Por Carlos Alexandre de Castro Mendonça[1]
RESUMO
O presente artigo tem por objetivo analisar a evolução do tratamento jurídico conferido ao garimpeiro no período pós-Constituição de 1988, especialmente sob a ótica previdenciária. O estudo parte de seu enquadramento inicial como segurado especial e sua transformação em contribuinte individual, os reflexos em sua escala contributiva e a possibilidade de sua jubilação antecipada, no caso da aposentadoria por idade.
I – O Garimpeiro
Atualmente, a definição de garimpeiro encontra-se na Lei n. 11.685/2008 como toda pessoa física de nacionalidade brasileira que, individualmente ou em forma associativa, atue diretamente no processo da extração de substâncias minerais garimpáveis. A referida atividade de extração de substância mineral pode ocorrer nas seguintes modalidades de trabalho: autônomo, em regime de economia familiar, individual, com formação de relação de emprego, mediante contrato de parceria, por instrumento particular registrado em cartório, em cooperativa ou outra forma de associativismo[2].
II – Enquadramento do Garimpeiro na Constituição de 1988
Antes, porém, com o advento da Constituição de 1988, o garimpeiro recebia o mesmo tratamento concedido aos segurados especiais, no que tange ao aspecto contributivo, pois a redação original do parágrafo oitavo do artigo 195 do Texto Magno preconizava que “o produtor, o parceiro, o meeiro e o arrendatário rurais, o garimpeiro e o pescador artesanal, bem como os respectivos cônjuges, que exerçam suas atividades em regime de economia familiar, sem empregados permanentes, contribuirão para a seguridade social mediante a aplicação de uma alíquota sobre o resultado da comercialização da produção e farão jus aos benefícios nos termos da lei”.

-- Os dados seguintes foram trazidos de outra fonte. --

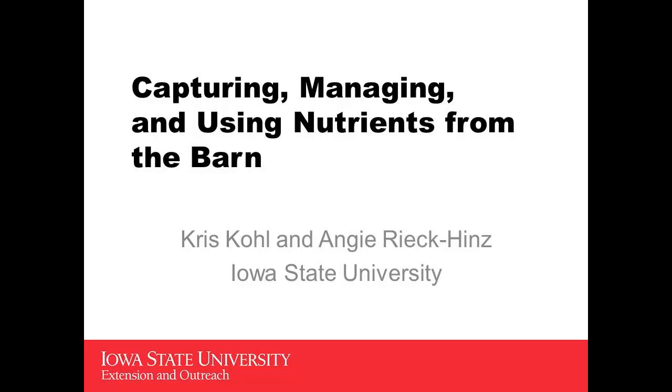I'm going to talk about some of the capturing and utilization of the nutrients, a lot from the standpoint of people that have moved from open feedlots to these types of facilities — some of the things that are different, some of the considerations that you need to make.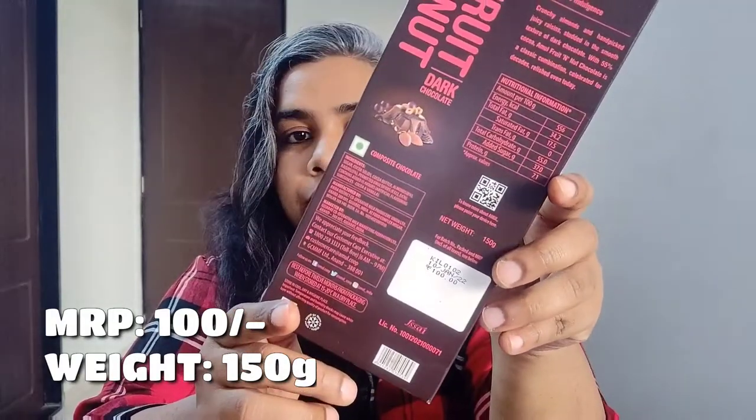Moving on to the MRP and weight of the chocolate: the MRP is 100 rupees for 150 grams.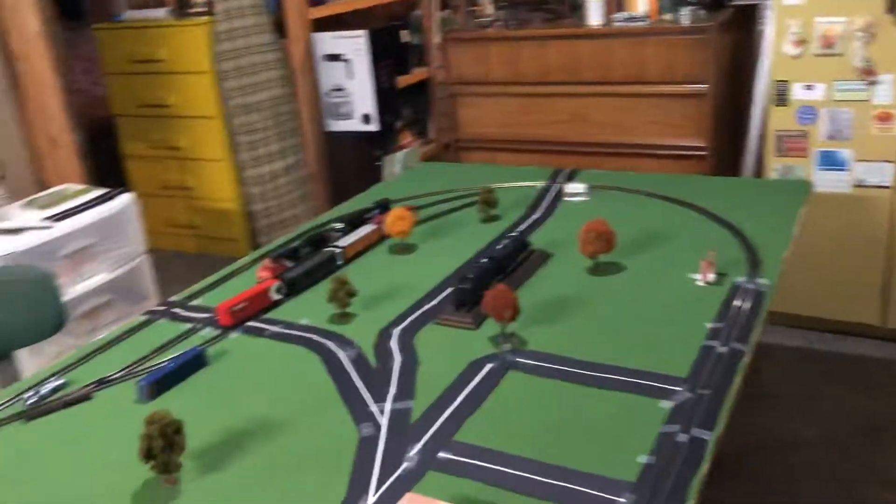Hello everyone and welcome back to another video. There's something I think you guys should know — I haven't had the time to make a video on it yet, but yes, I have a model railroad. It's called the Brock Creek Railroad.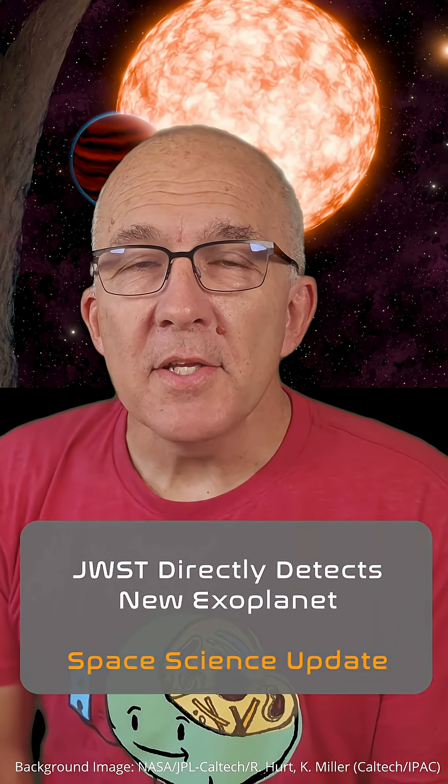Another new exoplanet today, but this one is a first. It's the first exoplanet directly detected with JWST and a coronagraph on the MIRI instrument. Because of the bright starlight and because planets are dim and very close to their stars, at least from the perspective of observers on Earth, direct detection of exoplanets has so far proved very difficult.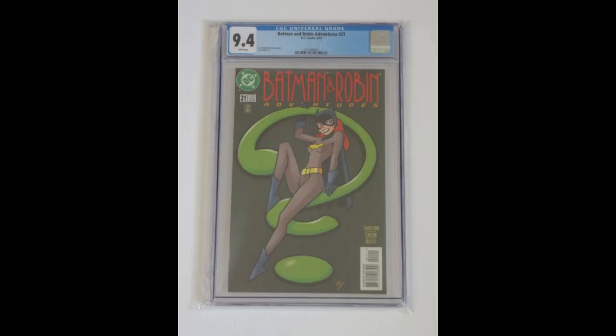Batman and Robin Adventures number 21 — this is the infamous Question Mark cover. Most people are not looking for this; everyone's tied up with Batman Adventures number 12. This book is kind of hard to find in the wild but it's not too expensive. On eBay you're probably going to see prices ranging from 20 to 50 bucks. I got lucky and found my copy on eBay about a month ago for just nine dollars.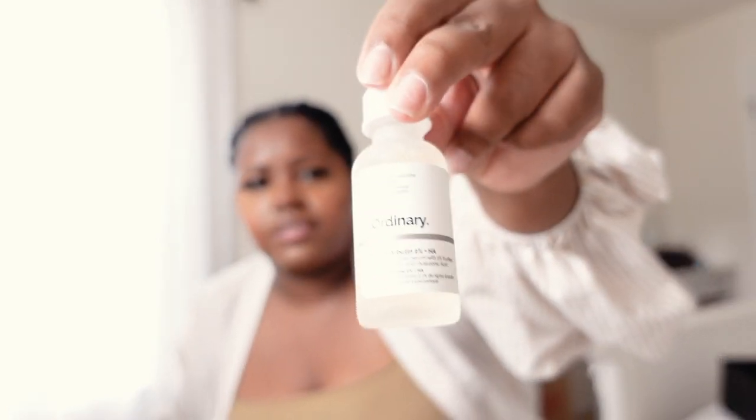Now for The Ordinary products. I just picked up the Alpha Arbutin — it has 2% alpha arbutin and hyaluronic acid. This helps with hyperpigmentation and evening out skin tone. I've used it once or twice so far. It wasn't even twelve dollars, so it's a great affordable option. I would cocktail this one with the niacinamide.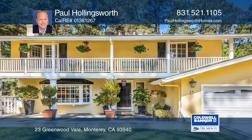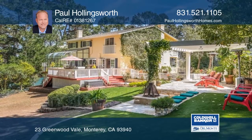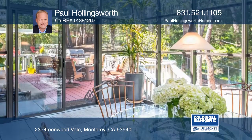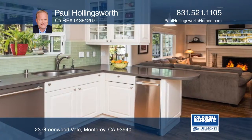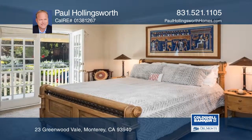At the top of Skyline Forest and nestled at the end of a cul-de-sac, this immaculate Monterey Colonial Jewel sits on a generously sized sunny lot. Beautifully upgraded and appointed with many extras including a solarium, updated kitchen, expanded master bedroom, two fireplaces and hardwood floors.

Naquela época, o garimpeiro era equiparado ao segurado especial em direitos e obrigações, conforme se depreende da redação original do inciso VII do artigo 11 da Lei n. 8.213/1991:
“Art. 11. São segurados obrigatórios da Previdência Social as seguintes pessoas físicas:
VII – como segurado especial: o produtor, o parceiro, o meeiro e o arrendatário rurais, o garimpeiro, o pescador artesanal e o assemelhado, que exerçam suas atividades, individualmente ou em regime de economia familiar, ainda que com o auxílio eventual de terceiros, bem como seus respectivos cônjuges ou companheiros e filhos maiores de 14 (quatorze) anos ou a eles equiparados, desde que trabalhem, comprovadamente, com o grupo familiar respectivo”.
III – Contribuição do Garimpeiro
Nessa perspectiva, o garimpeiro deveria recolher sua contribuição previdenciária sobre a receita da comercialização da sua produção, no percentual previsto na redação original do artigo 25 da Lei n. 8.212/1991:
“CAPÍTULO VI – Da Contribuição do Produtor Rural, do Pescador e do Garimpeiro
Art. 25. Contribui com 3% (três por cento) da receita bruta proveniente da comercialização da sua produção o segurado especial referido no inciso VII do art. 12.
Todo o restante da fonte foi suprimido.